By about the third week I paused to reflect on questions such as, “what has my life come to?” and “why does my facial hair lend itself to comparisons with pubes?” Whoever said, “good things come to those who wait” clearly didn’t have my beard in mind. No matter how long I might have waited, there were certain patches on my face—including, most ostensibly, my cheeks, but also that elusive region at the side of the mouth that connects the upper lip to the chin—where hair refused to grow. Plus it itched.  And, I’ll admit, it did not look good. So I did what any sensible person would do. I shaved.

Except for my mustache.

I have a particular fondness for the mustache, commonly referred to as the crustache, dirt-stache, porn-stache or pedo-stache. It’s kind of like the fondness people have for their new ugly pet. They love it because it’s theirs, and nothing you say can get them to see the truth. You, on the other hand, see it for what it really is: a three legged, one eyed, black shelter cat straight out of that Edgar Allan Poe story you once read the SparkNotes for. So you cross yourself and keep a safe distance and, if you’re a decent human being, you probably smile and lie through your teeth when they ask you if you think it’s cute. In this analogy I’m some crazy cat lady, my demonic pet is the hair on my upper lip, and the poor observer is everyone that encounters me/it.

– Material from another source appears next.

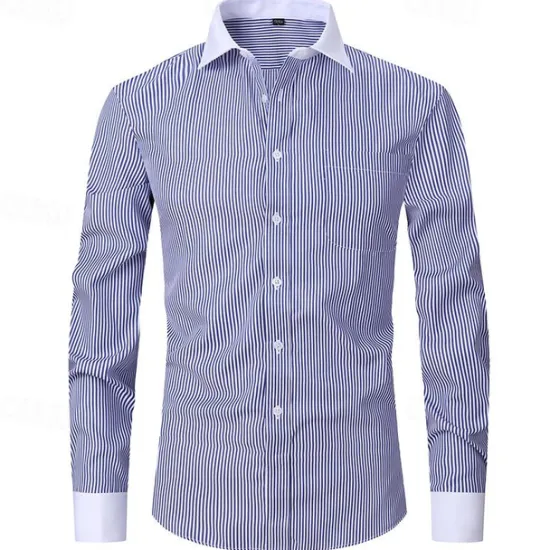 Outlet OUKU Men's Dress Shirt French Cuff Shirt Collared Shirt Striped Wedding Work Maroon Light Blue Black Blue Long Sleeve Turndown Spring, Fall, Winter, Summer Clothing Apparel Button-Down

Only, in reality, I don’t go fishing for compliments, because no one has even the fakest of kind words, and the best-case scenario is usually when people pretend not to notice. That’s actually not completely true. Let me backtrack and say that a certain demographic is quite receptive to the ‘stache. Surprisingly it’s not senior girls, but rather my fellow freshman guys. In general, girls hate it. As my friend Nick observed, not only do they not like the ‘stache, they don’t care that you don’t care they don’t like it. In other words, you don’t get even get points for being confident enough to rock it because it’s just that unattractive. Or so they say. I don’t really see it.

Recently, I was growing the stache back out. A few weeks strong, I had every intention of keeping it, when—in a moment of weakness—I shaved before going to the Street. I really regret it. In a place like Princeton, where people are so aware of appearances, whether physical or social (the two often go hand in hand), there’s something refreshing about doing something you enjoy, however odd it is, and not caring about what others think.

So yeah, I comprised my ideals by shaving. The good news? “Mustache March” is here. Viva la ‘stache.